The peso closed at ARS4.7315 to the U.S. dollar on the MAE foreign-exchange wholesale market, compared with ARS4.7265 in the previous session. On the black market, Argentines were paying between ARS6.20 and ARS6.21 for a dollar, according to financial newspaper El Cronista.

hawk nation's picture

If obama looses the election the media will go negative on the economy to justify how partisan they are toward obama 


the media will blame romney for the bad economy and will keep bringing up all the concerns that are stated on zh


the sheep will be shocked that america is in such economic decline and the media will blame it on romneys policies


buy gold


bugs_'s picture

maybe the Moody's guys don't have their personal positions in place yet?
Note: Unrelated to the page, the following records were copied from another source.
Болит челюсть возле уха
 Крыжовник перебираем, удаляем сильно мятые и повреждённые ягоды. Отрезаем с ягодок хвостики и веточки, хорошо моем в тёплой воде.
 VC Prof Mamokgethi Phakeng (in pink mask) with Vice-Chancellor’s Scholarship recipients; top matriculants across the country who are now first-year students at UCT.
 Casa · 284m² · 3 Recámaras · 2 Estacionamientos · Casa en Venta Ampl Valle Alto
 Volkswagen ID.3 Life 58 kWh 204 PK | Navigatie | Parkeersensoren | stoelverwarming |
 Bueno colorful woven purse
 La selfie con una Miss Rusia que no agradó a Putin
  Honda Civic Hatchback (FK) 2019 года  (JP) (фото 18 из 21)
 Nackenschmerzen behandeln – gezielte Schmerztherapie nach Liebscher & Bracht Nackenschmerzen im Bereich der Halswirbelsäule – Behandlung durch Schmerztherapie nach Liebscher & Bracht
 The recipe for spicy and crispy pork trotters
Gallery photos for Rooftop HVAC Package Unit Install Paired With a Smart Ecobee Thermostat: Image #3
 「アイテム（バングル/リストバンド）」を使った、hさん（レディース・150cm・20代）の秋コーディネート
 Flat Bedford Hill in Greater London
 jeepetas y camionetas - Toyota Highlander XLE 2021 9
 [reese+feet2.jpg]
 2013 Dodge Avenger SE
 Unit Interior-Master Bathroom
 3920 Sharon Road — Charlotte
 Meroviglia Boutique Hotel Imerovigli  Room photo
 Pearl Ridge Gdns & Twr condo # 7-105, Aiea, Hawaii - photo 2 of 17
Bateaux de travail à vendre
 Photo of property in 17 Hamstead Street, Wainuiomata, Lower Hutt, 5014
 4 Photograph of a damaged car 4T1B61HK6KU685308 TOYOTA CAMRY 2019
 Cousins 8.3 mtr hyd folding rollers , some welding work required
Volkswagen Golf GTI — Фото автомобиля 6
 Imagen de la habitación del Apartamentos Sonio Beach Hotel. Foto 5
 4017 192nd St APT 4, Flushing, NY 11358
Any text messages from Deep Shah?

SokPOTUS's picture

Here ya' go ZH'ers:




Now Junk it.

AnAnonymous's picture

'Americans' protect their own. Who could have figured?

In the meantime, pit countries, with plenty of resources, did less and got downgraded.

Opening the door to repoing. In 'american' economics, much better to be insolvent, 'american', and indebted past the point of sustainability, 'americans' will thumb you up.

Dont be solvent and indebted below the point of no return, 'americans' will downgrade you fast in order to transfer your remaining wealth from you to them through repoing.

People who are solvent are much juicy than people who are not.

Watch out for the 'american' tale of living within your means, just a trick to provide them with fresh meat...

TheFourthStooge-ing's picture

AnAnonymous shat this out and stepped in it:

'Americans' protect their own. Who could have figured?

Yes, sure, because Egan-Jones isn't an 'American' company, right Hop Sing?

People who are solvent are much juicy than people who are not.

That must leave your AnAnonymist roadsides a slippery mess.

awakening's picture

Amazing how they seem to put the entire world on hold for a puppet show (election? I don't see no election) in the US.